Electronic Records Management Guidelines: Long-Term Preservation

Electronic Records Management Guidelines: Long-Term Preservation. March 2012, Version 5. Minnesota Historical Society. [Guidelines - Contents]
     Over the course of time, organizations generate many records. Some are of short term duration while others are to be kept permanently. “Tools such as migration, conversion, metadata, and eXtensible Markup Language (XML) will help you not only preserve your records, but also realize their full value.” Records need to be preserved, since “the greatest possible access to certain government information and data is essential to allow citizens to participate fully in a democratic system of government.”   

Some key concepts presented in the section on Long-Term Preservation:
  1. Needs Assessment. Understanding the value of the records and the information they contain will help guide decisions, determine their retention requirements, the access and use of the records, as well as preservation options. 
  2. Physical Storage Options. Record access requirements will help determine the type of storage to use, specifically
    1. Online storage. Immediately available on the network
    2. Near-line storage.  Records are stored in automated optical disk or tapes libraries attached to a network.
    3. Offline storage.  Records are stored on removable media that must be retrieved manually.
  3. File Format Options. For long-term file preservation, non-proprietary formats are preferred, but they also have limitations.

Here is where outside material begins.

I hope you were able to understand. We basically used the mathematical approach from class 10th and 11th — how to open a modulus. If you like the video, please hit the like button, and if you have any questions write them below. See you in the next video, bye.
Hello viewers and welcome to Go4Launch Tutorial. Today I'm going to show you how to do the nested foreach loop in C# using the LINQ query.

  4. Digital Preservation Techniques. There are several approaches to ensure that electronic records remain useful over time.

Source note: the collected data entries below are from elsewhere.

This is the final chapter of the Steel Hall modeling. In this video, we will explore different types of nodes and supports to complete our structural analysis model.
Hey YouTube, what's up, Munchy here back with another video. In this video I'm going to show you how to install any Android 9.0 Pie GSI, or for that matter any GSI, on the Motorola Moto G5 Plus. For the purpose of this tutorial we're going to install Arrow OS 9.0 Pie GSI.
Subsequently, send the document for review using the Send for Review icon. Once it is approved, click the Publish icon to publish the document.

    1. Emulation. Using emulator programs to simulate the behavior, of original programs.
    2. Encapsulation. Combining the object to be preserved with all of the necessary details of how to interpret it within a wrapper or package.
    3. Migration. This is the more common approach, which is the process of  moving files to new media or computer systems to maintain their use. 
  5. Preservation Planning.  “A preservation plan should address an institution’s overall preservation goals and provide a framework that defines the methods used to reach those goals.  At a minimum, the plan should define the collections covered by the plan, list the requirements of the records, practices and standards that are being followed, documentation of policies and procedures related to preservation activities, and staff responsibility for each preservation action.” This plan needs constant updating and cost/benefits must be addressed. Policies should be developed to put the plan into practice.